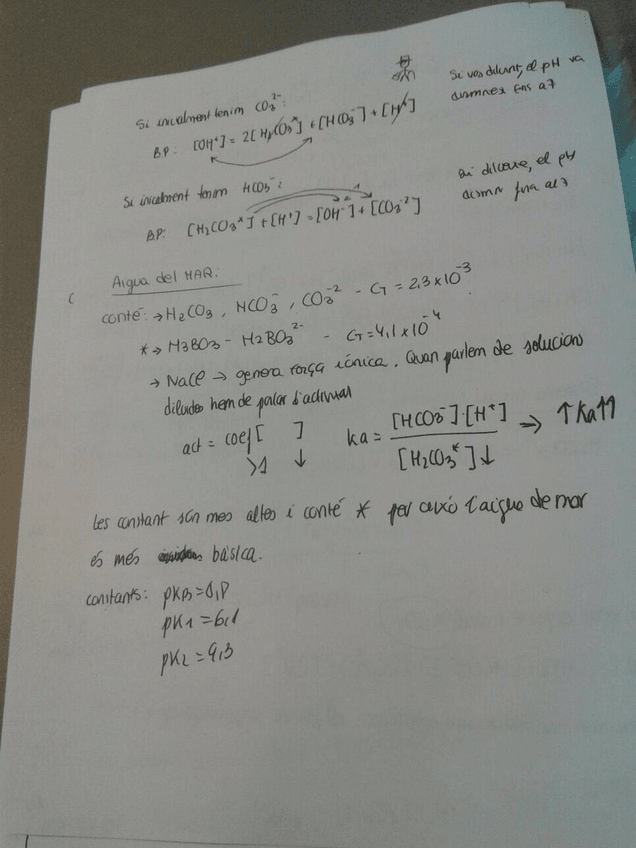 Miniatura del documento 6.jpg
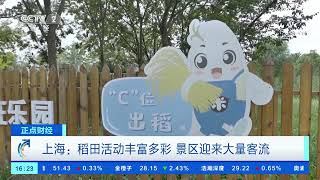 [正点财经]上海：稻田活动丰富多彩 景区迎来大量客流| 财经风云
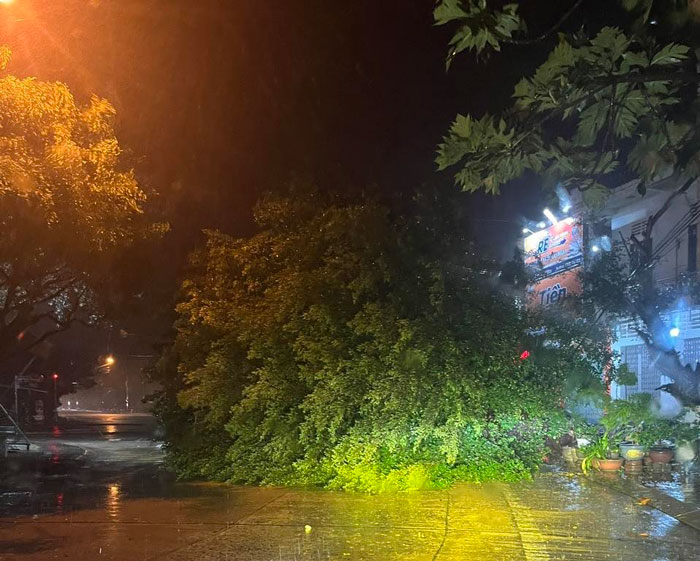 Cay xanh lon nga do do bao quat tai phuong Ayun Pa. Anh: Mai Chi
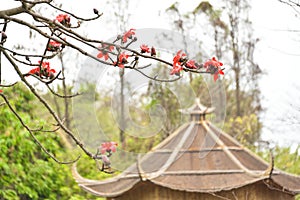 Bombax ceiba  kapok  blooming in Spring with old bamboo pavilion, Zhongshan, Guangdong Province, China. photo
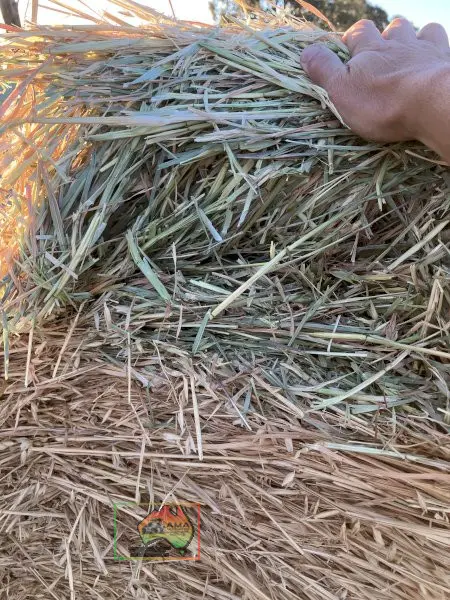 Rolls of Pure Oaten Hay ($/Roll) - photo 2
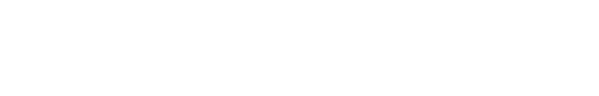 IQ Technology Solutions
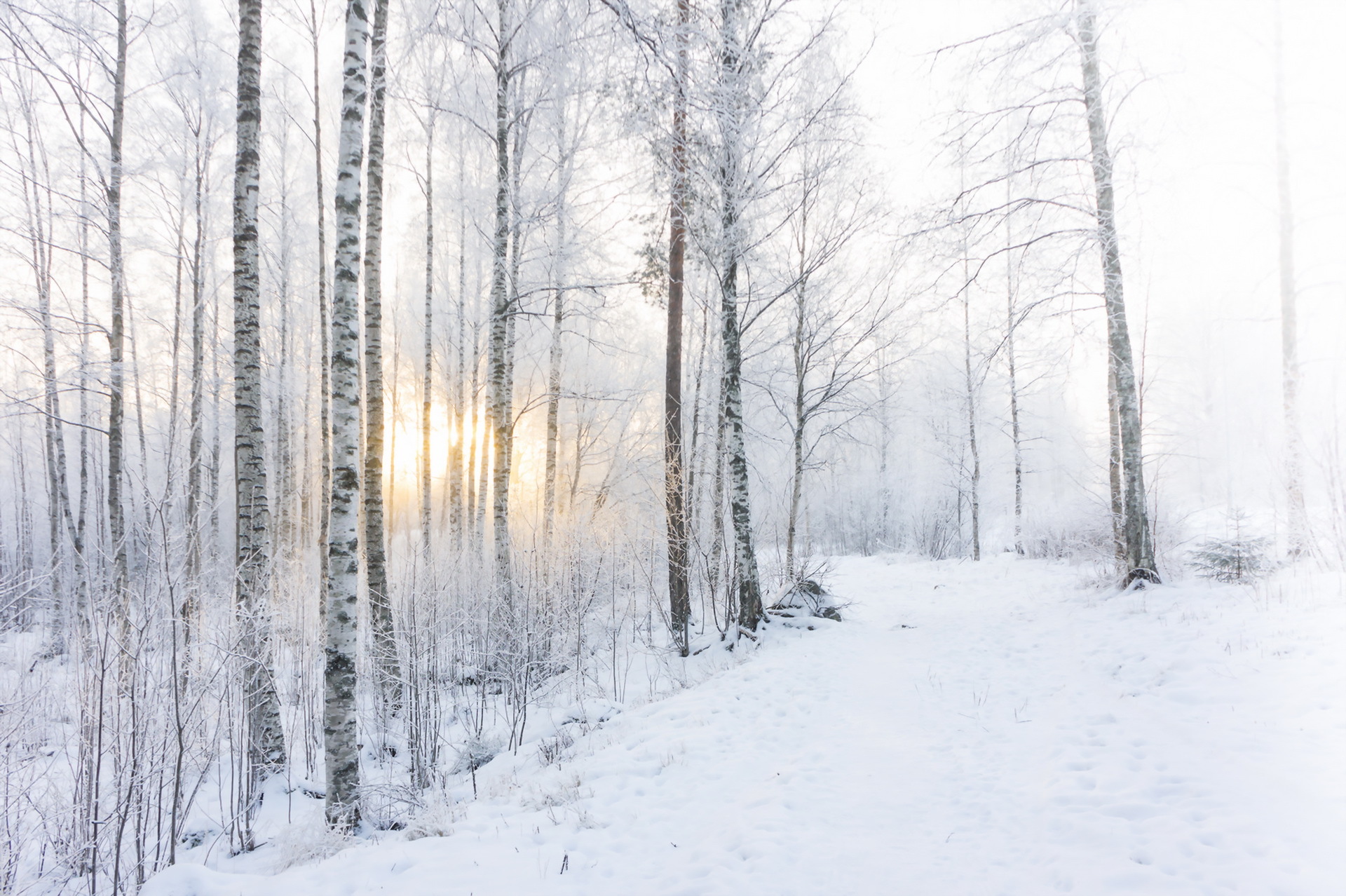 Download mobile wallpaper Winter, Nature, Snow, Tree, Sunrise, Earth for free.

###

Your copy should begin at the line containing "Rolls of Pure Oaten Hay ($/Roll) - photo 2" and end at the last line of the data above, matching each line exactly and holding no pictures.

 Rolls of Pure Oaten Hay ($/Roll) - photo 2
 IQ Technology Solutions
 Download mobile wallpaper Winter, Nature, Snow, Tree, Sunrise, Earth for free.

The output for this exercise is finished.